Sono invece in fase di stallo i colloqui tra la giunta di Assimi Goita e la canadese Barrick Mining (ex Barrick Gold), che gestisce Loulo-Gounkoto, la più grande miniera del paese, ma che si è finora rifiuta di attenersi al nuovo Codice minerario.
La disputa ha già portato negli ultimi mesi al sequestro di tre tonnellate di oro di proprietà dell’azienda, all’incarcerazione di quattro suoi dipendenti e a un mandato d’arresto per il suo ceo Mark Bristow. Secondo fonti sentite da Jeune Afrique la situazione potrebbe sbloccarsi attraverso un assegno di 300 milioni di dollari che Barrick Mining staccherebbe ottenendo in cambio il rilascio dei dipendenti e la restituzione dell’oro sequestrato.

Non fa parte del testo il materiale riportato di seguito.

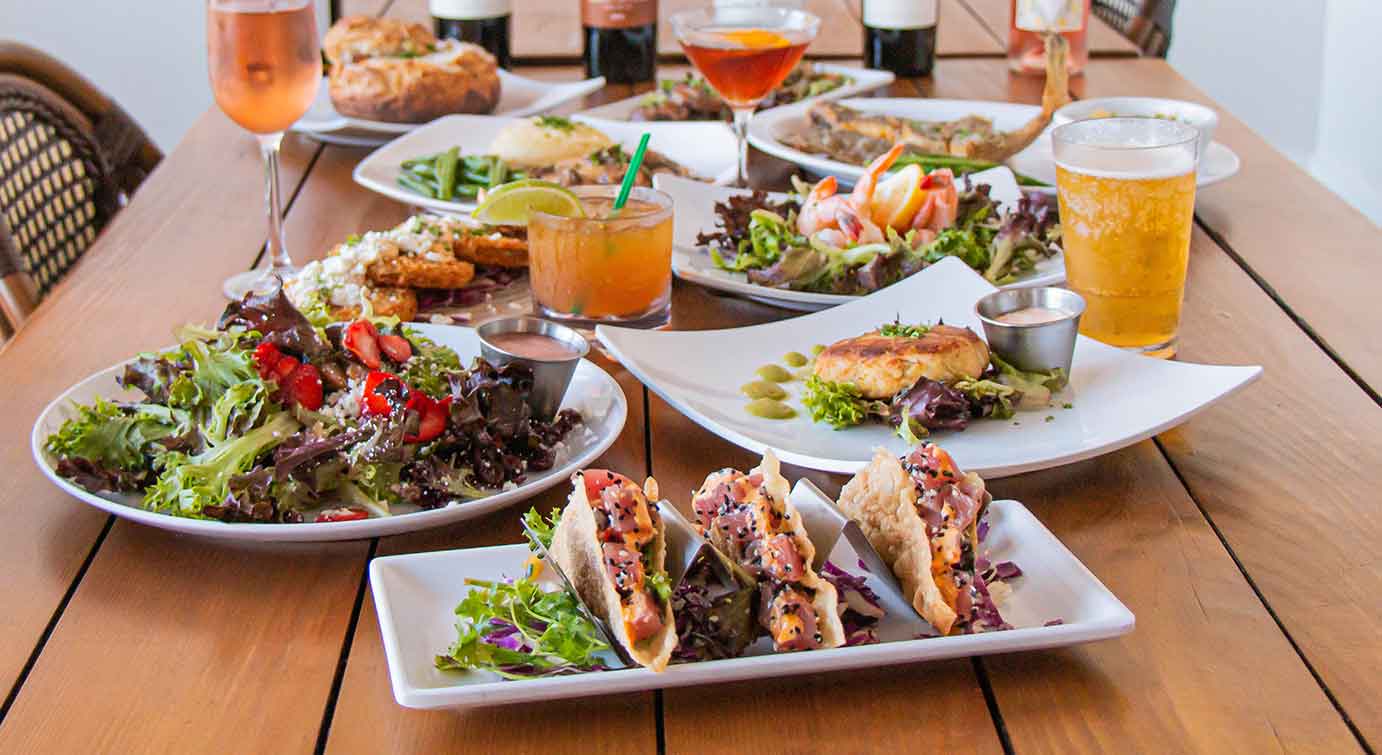 Pier 16 Seafood Restaurant - neighborhood, Tybee Island, GA, image size:1382x755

Un’altra azienda canadese, Allied Gold, ha venduto una quota del 50% di Allied Gold ML Corporation, che controlla l’80% della miniera di Sadiola, alla società emiratina Ambrosia Investment Holding per 500 milioni di dollari. Oltre a questa miniera, Allied Gold è in trattativa con la società di stato maliana SOREM (Société de Recherche et d’Exploitation des Ressources Minerales du Mali) per avviare attività congiunte nei pressi di Sadiola e in altre parti del paese.
Burkina Faso
In Burkina Faso la giunta guidata da Ibrahim Traoré continua l’operazione di internalizzazione dei più importanti asset produttivi del paese puntando a una maggiore sovranità energetica. Il modello applicato nel settore degli idrocarburi, con una centralità sempre più accentuata della compagnia di stato Sonabhy, vuole essere replicato anche nel campo dei fertilizzanti con Sobimap e in quello del cotone con Sofitex.
La fibra tessile è il secondo prodotto più esportato dal paese, rappresenta il 4% del suo PIL e garantisce lavoro a circa 4,5 milioni di persone. Dopo essere stato superato negli ultimi anni nella regione da Benin e Mali, con nuovi investimenti in Sobimap il Burkina punta a recuperare terreno anche in questo mercato. Accentrando sempre di più il controllo del governo sulle risorse nazionali.